No caso da História, a preparação para exame implicava 6 temas, 6 manuais de 10.º, 11.º, 12.º, anos. Toneladas de matéria já chegavam para nos perguntarmos sobre o papel dos exames e tudo o que é “velho”, não fossem ainda as duvidosas opções.

O exame de História é, desde o ano passado, uma entremeada de itens de seleção e de construção, o que já de si é um erro no plano da avaliação, como foi denunciado. A seguir, os outros problemas: documentos como artifício, perguntas e conteúdos ardilosos. No Grupo I (10.º ano, 20 pontos), os itens de seleção eram suportados por um longo documento que servia apenas para responder a uma das quatro questões. O Grupo II (11.º ano, 40 pontos) dedicava-se à crise da monarquia constitucional e à afirmação do projeto republicano (e sim é uma questão importante, correspondente a 3 páginas dos ditos 6 manuais), com perguntas ambíguas que pediam o que não havia para encontrar nos documentos. No Grupo III (12.º ano), os 50 pontos da resposta extensa eram dedicados às “políticas económicas e sociais da Alemanha”, do primeiro pós-guerra a 1960, quando nem as ditas nem a história da Alemanha fazem parte do programa. No grupo IV (12.º ano), os 30 pontos dedicados à integração de Portugal na Europa comunitária (sim, é um conteúdo importante, tratado em 3 páginas dos ditos 6 manuais), além de um item de seleção duvidoso, implicavam uma questão sobre impactos positivos para a qual os documentos apresentados não serviam para nada, etc., etc. “Exigência” e “rigor”? Não. Manhosice, num exame nacional distante do espírito e da letra do programa da disciplina, homologado em 2002, recorde-se. E alguém avalia isto?

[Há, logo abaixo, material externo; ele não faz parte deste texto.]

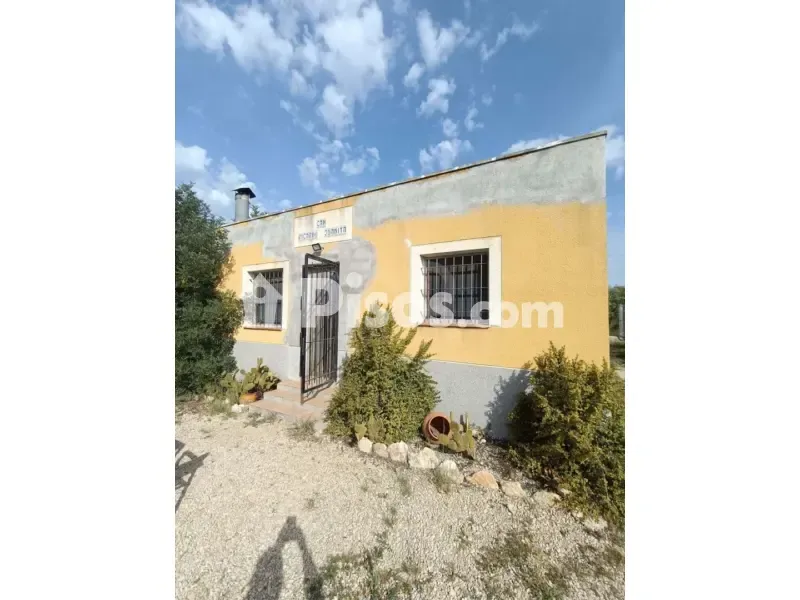 Välivaade - Rustic Finca with Sea Access in Lametlla de Mar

O envelhecimento “crescente e constante” do corpo docente e o desequilíbrio de género são evidências, recentemente abordadas em “Recomendação” do Conselho Nacional de Educação. [1] São estas professoras, a uma década ou menos da reforma, que tratam, na parte que lhes cabe, do futuro das crianças e jovens deste país, o que é muito.

Elas têm, hoje, mais horas de aulas do que quando começaram a trabalhar, foram gato-sapato de todas as experiências com o sistema de ensino, foram vítimas da normalização e do improviso, da burocratização e da desvalorização. Sabem-se muito longe deles e delas: durante muitos anos da sua vida não souberam o que era um computador e viveram as suas experiências escolares entre o Estado Novo e a jovem democracia (vá-se lá ver quais pesaram mais nas suas autorreferências). O que são ou deixam de ser, sem progressão, sem avaliação séria e com a escola cada vez mais anichada, na verdade, não interessa para nada. Há de tudo: as que resistem, as que insistem, as que desistem; as competentes e as incompetentes; as democratas e as autocratas. Às autocratas nada acontece, até porque o esvaziamento da democracia nas escolas, sendo transversal, as legitimou.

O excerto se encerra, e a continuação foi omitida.